Résumé : Kheïra souffrait encore de sa blessure. Si Ahmed l'avertit. Si elle s'infectait, il va devoir lui couper le bras. Rien à faire. Têtue comme une mule, elle refusera ses conseils. Elle était là, et personne ne la délogera. Si Ahmed sortit pour une ronde, je me retrouvais avec les deux femmes. Je leur demande alors si je pouvais leur être d'une quelconque utilité. Le toubib revint pour nous avertir.

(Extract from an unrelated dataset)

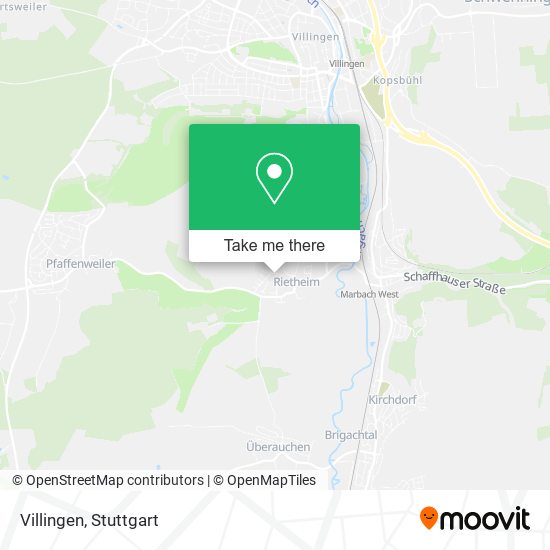 Карта Villingen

Si Ahmed, qui revenait de sa tournée, s'approche de nous :
-Cet abri n'est plus un lieu sûr pour nous... Je viens d'avertir Da Belaïd. Des patrouilles militaires ratissent les environs... Nous ferions mieux de nous préparer à quitter les lieux au plus tôt.
Fatiha se lève :
-Nous sommes prêtes nous deux... Nous n'aurons qu'à ramasser nos affaires... Veux-tu que j'aille au village voisin pour prévenir nos amis ?
-Si tu veux... Nous pourrions transférer nos blessés en premier lieu... Il faut faire vite, chaque minute devient précieuse pour nous.

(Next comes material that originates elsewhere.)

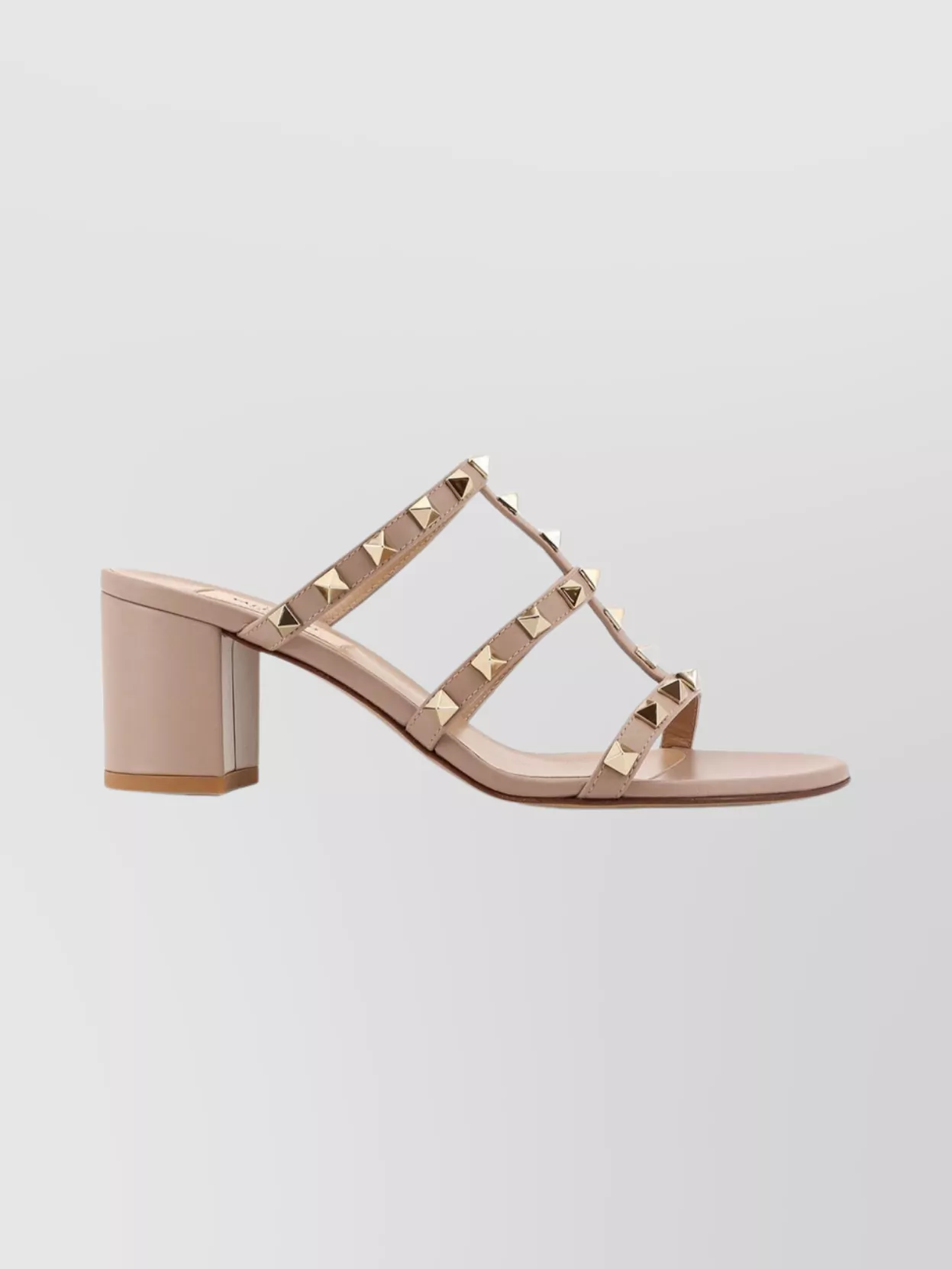 Valentino Garavani Studded Leather Block Heel Sandals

Il se retourne vers Kheïra :
-Et toi, que peux-tu faire ?
-Je suis prête à aider au transfert des blessés, et à les veiller...
-Bien... Alors je vais prévenir les autres. Nous devrons tenir une réunion en urgence avec tout le monde.

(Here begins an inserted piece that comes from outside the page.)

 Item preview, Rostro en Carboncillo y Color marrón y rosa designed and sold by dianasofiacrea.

Hormis les djounoud qui veillaient à l'extérieur, le reste des frères se joint à nous. Da Belaïd, Amar et Si Ahmed parrainèrent cette assemblée improvisée, à l'issue de laquelle nous décidions de changer de camp. Mon "père" s'arrête... Il était encore sous l'émotion de ses souvenirs, et moi qui me tenait en face de lui, suspendue à ses lèvres, je me forçais à ne pas trop bouger pour ne pas interrompre cette procession de détails sur ses premiers pas au maquis. Il prend une longue et lente inspiration, avant de lancer :
-Yasmina, tu es en train de tout remuer en moi...
La révolution, les combats, les camps, les blessés, les morts. Ne crois-tu pas que c'est cruel ?
Je me lève et m'approche de lui avant d'entourer ses épaules de mon bras :
-Je sais papa... Je comprends fort bien tes émotions... Mais je ne veux pas que ces souvenirs s'éteignent aussi... Je veux revivre tous ces moments avec toi, avant de les rédiger. Mes lecteurs ne demandent pas mieux que de connaître cette étape de leur histoire. La révolution est une belle tranche de notre passé. C'est grâce aux sacrifices de tes semblables que nous vivons tous aujourd'hui dans un pays libre et indépendant. Nous vous devons une fière chandelle.
Il soupire :
-Nous étions tous avides de connaître le goût de la liberté et de l'indépendance.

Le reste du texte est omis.